In some embodiments, the plurality of candidate dictionary entries selected by subroutine 700 in block 710 may include approximately 1%-5% of the words in the translation dictionary. In other words, in block 710, subroutine 700 may in some embodiments select between about 1 k-5 k words out of a 100 k translation dictionary.

In subroutine block 800 (see FIG. 8, discussed below), subroutine 700 prunes the plurality of candidate dictionary entries to eliminate unlikely candidates according to the ordered list of possible character matches, often winnowing the plurality down to tens or hundreds of not-unlikely candidates.

Beginning in block 720, subroutine 700 iteratively compares each of the plurality of not-unlikely candidate dictionary entries with the plurality of candidate recognized words (e.g., “8ASuRA,” “B45Dn4,” “eWGOEW,” “9mmgmm,” “6RBBHH”).

In block 900, subroutine 700 calls subroutine 900 (see FIG. 9, discussed below) to determine a comparison score indicating a level of similarity between the plurality of candidate recognized words and the current candidate dictionary entry. In block 730, subroutine 700 loops back to block 720 to compare the next candidate dictionary entry with the plurality of candidate recognized words.

In block 799, subroutine 700 ends, returning the “best” of the candidate dictionary entries. In some embodiments, the “best” of the candidate dictionary entries may be the candidate dictionary entry whose comparison score indicates the highest level of similarity with the plurality of candidate recognized words.

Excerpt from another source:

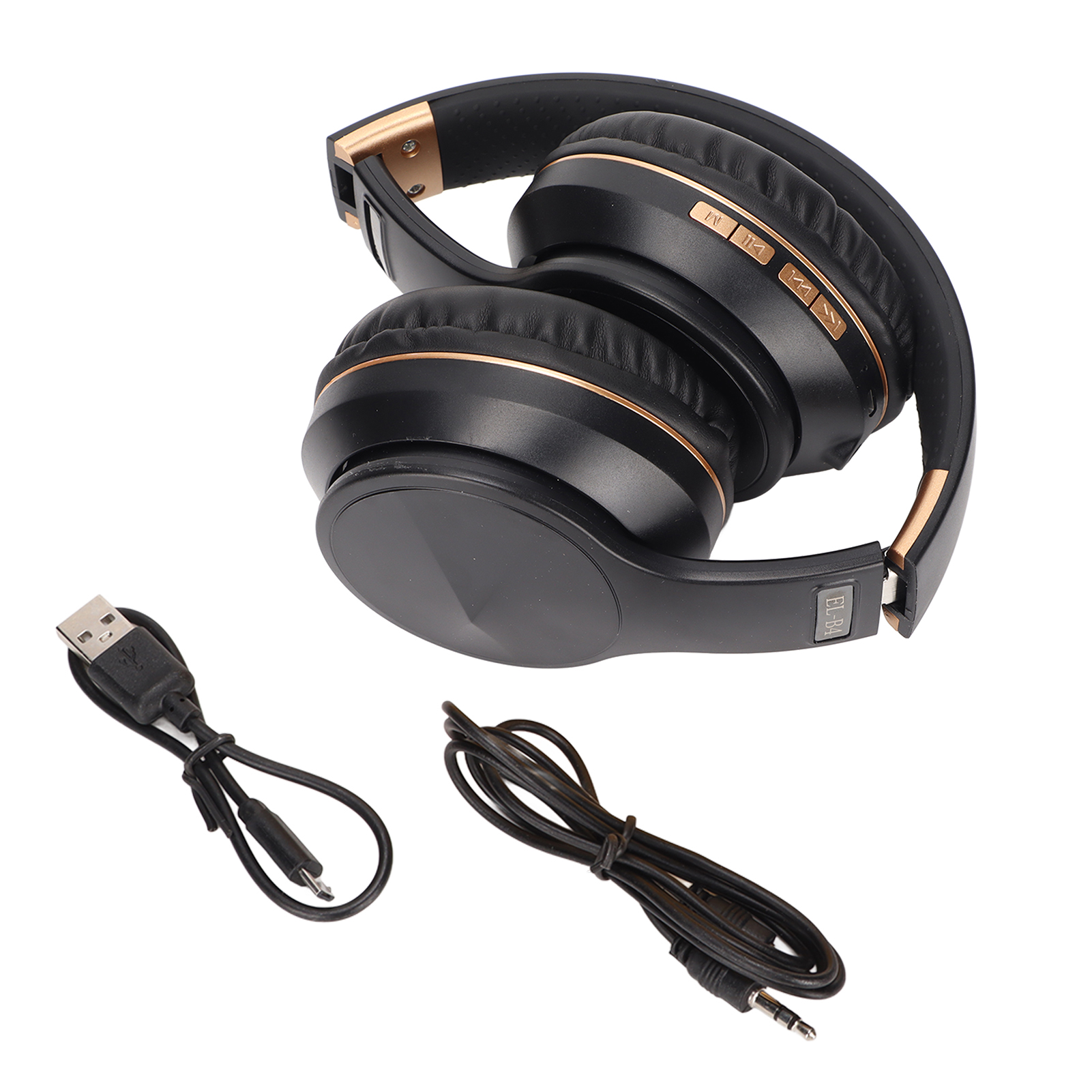 Elb4 Multifunktionales, Faltbares, Kabelloses Bluetooth-headset Für Sport Und Gaming (schwarz/gold)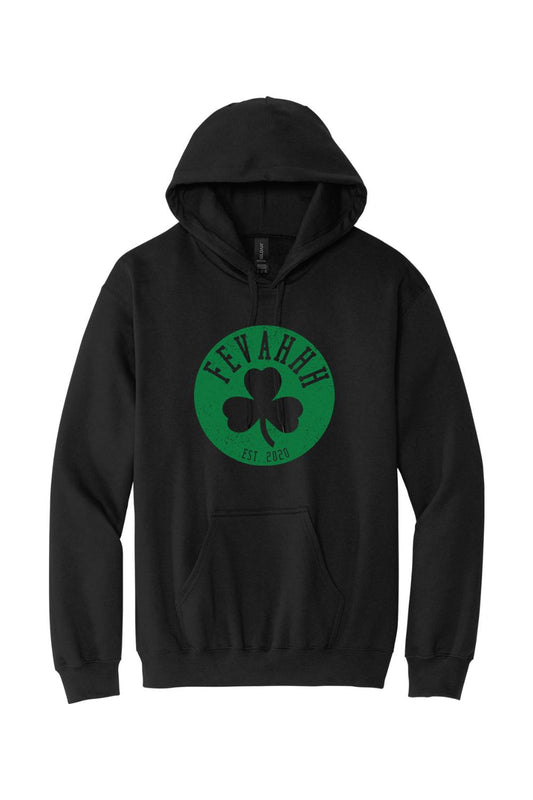 Black men's pullover hoodie featuring a green circular Fevahhh clover logo with Est. 2020 text on the chest.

In some embodiments, subroutine 700 may further process the “best” dictionary entry before returning. For example, in one embodiment, subroutine 700 may determine that a variant of the “best” entry (e.g., a word that differs by one or more letter accents) may be a better match with the glyphs in the captured frame. In such an embodiment, subroutine 700 may return the better variant.

In other embodiments, subroutine 700 may use information from a previously-translated frame to facilitate the fuzzy string match process. For example, in one embodiment, subroutine 700 may retain information about the locations of glyphs and/or words from one frame to the next. In such an embodiment, subroutine 700 may determine that the position of a current word in the current frame corresponds to the position of a previously-processed word in a previous frame (indicating that the same word likely appears in both frames). Subroutine 700 may further determine whether the currently-determined “best” dictionary entry for the current word differs from the “best” dictionary entry that was previously determined for the corresponding word in the previous frame. If a different dictionary entry is determined for the same word, then subroutine 700 may select whichever of the two “best” dictionary entries has a better comparison score. Thus, in some embodiments, data from previous frames may be used to enhance the accuracy of later frames that capture the same text.

FIG. 8 illustrates an unlikely-candidate elimination subroutine 800, in accordance with one embodiment. In block 801, subroutine 800 obtains a candidate character matrix (i.e., an ordered list of possible character matches, such as candidate character matrix 1100, see FIG. 11).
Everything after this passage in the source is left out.